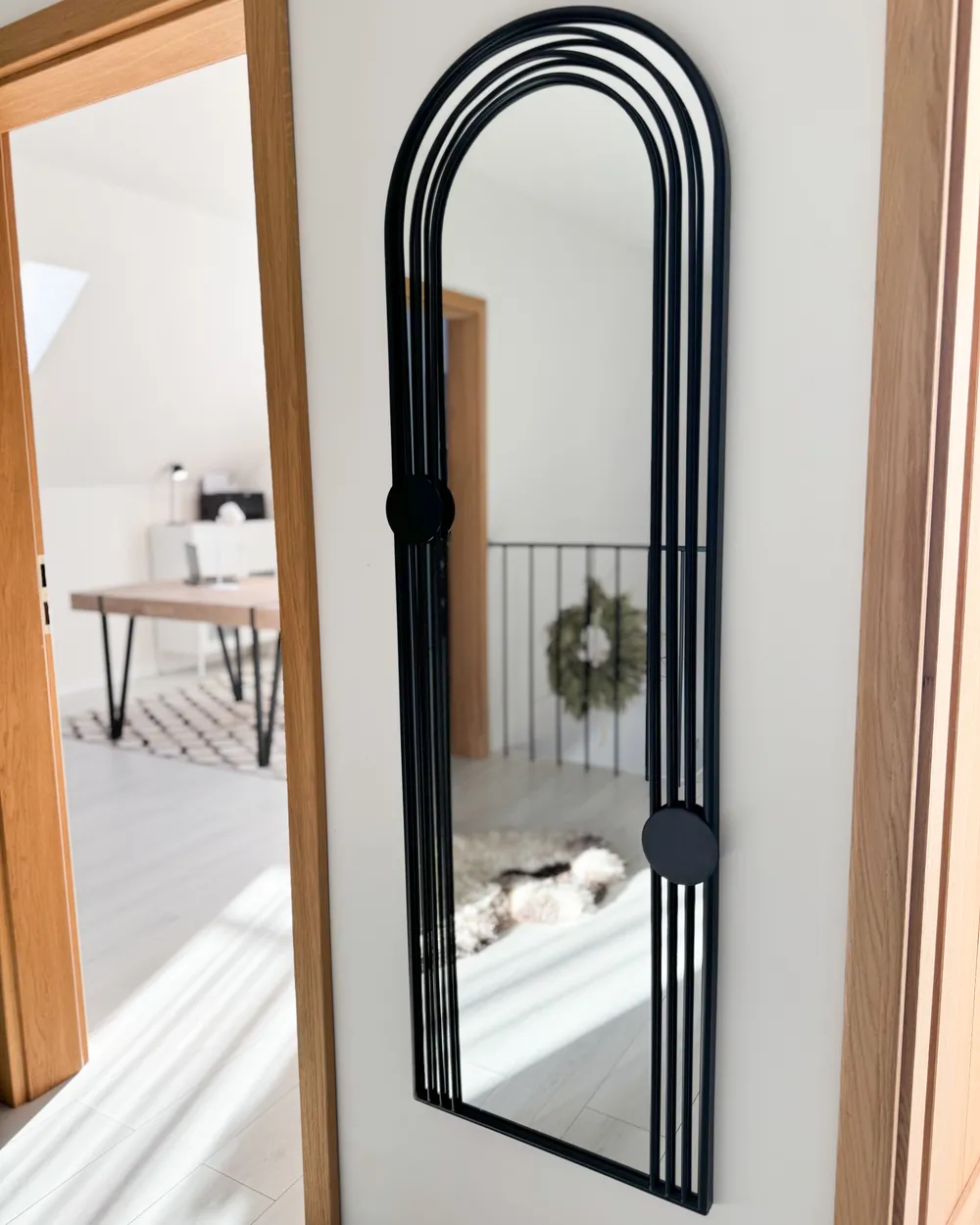 Wandspiegel AJAIN 45 cm 146 cm Metall Schwarz_1051635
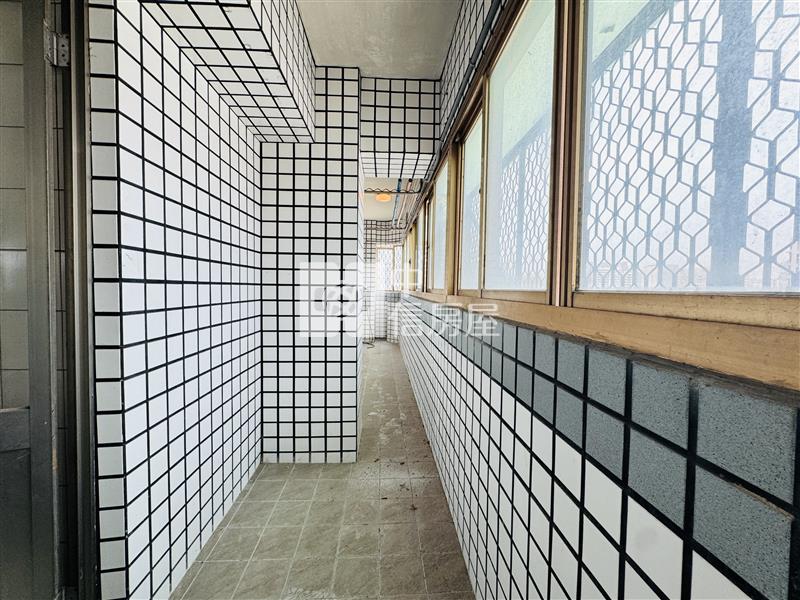 獨家!南區近中山醫大安名流大廈四房附車房屋室內格局與周邊環境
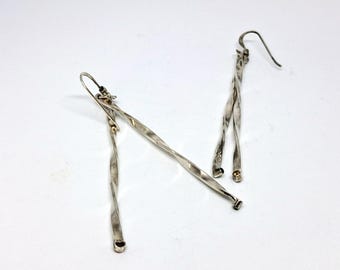 Hängeohrringe, Ohrringe mit gelbem Saphir und Tsavorit, Sterlingsilber, weißvergoldet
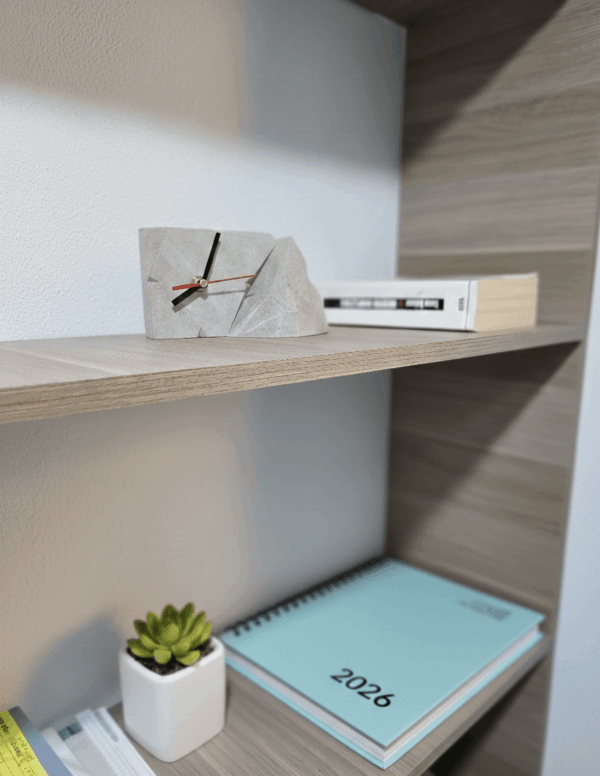 VOLCANO 04 VOLCANO | Reloj en concreto artesanal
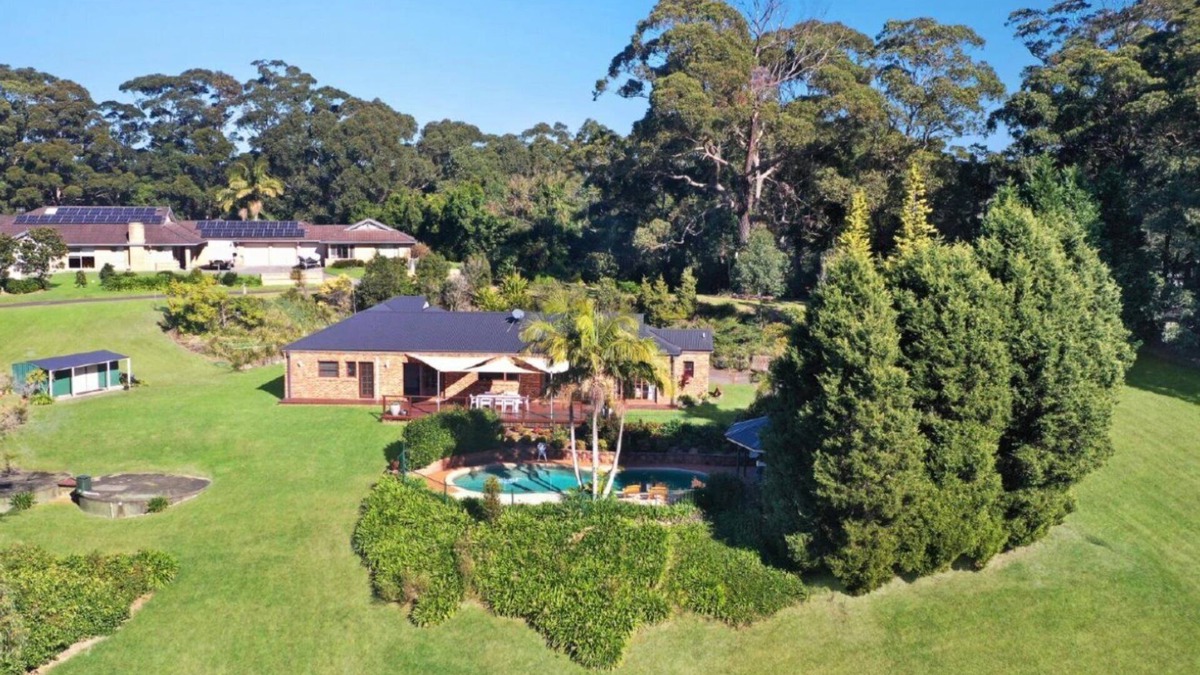 Kincumber House | Bellbird Escape - Listen to the Bellbirds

> Assigned task:
The whole of the data needs to be copied word for word, though not its pictures.

> Answer for this exercise:
 Wandspiegel AJAIN 45 cm 146 cm Metall Schwarz_1051635
 獨家!南區近中山醫大安名流大廈四房附車房屋室內格局與周邊環境
 Hängeohrringe, Ohrringe mit gelbem Saphir und Tsavorit, Sterlingsilber, weißvergoldet
 VOLCANO 04 VOLCANO | Reloj en concreto artesanal
 Kincumber House | Bellbird Escape - Listen to the Bellbirds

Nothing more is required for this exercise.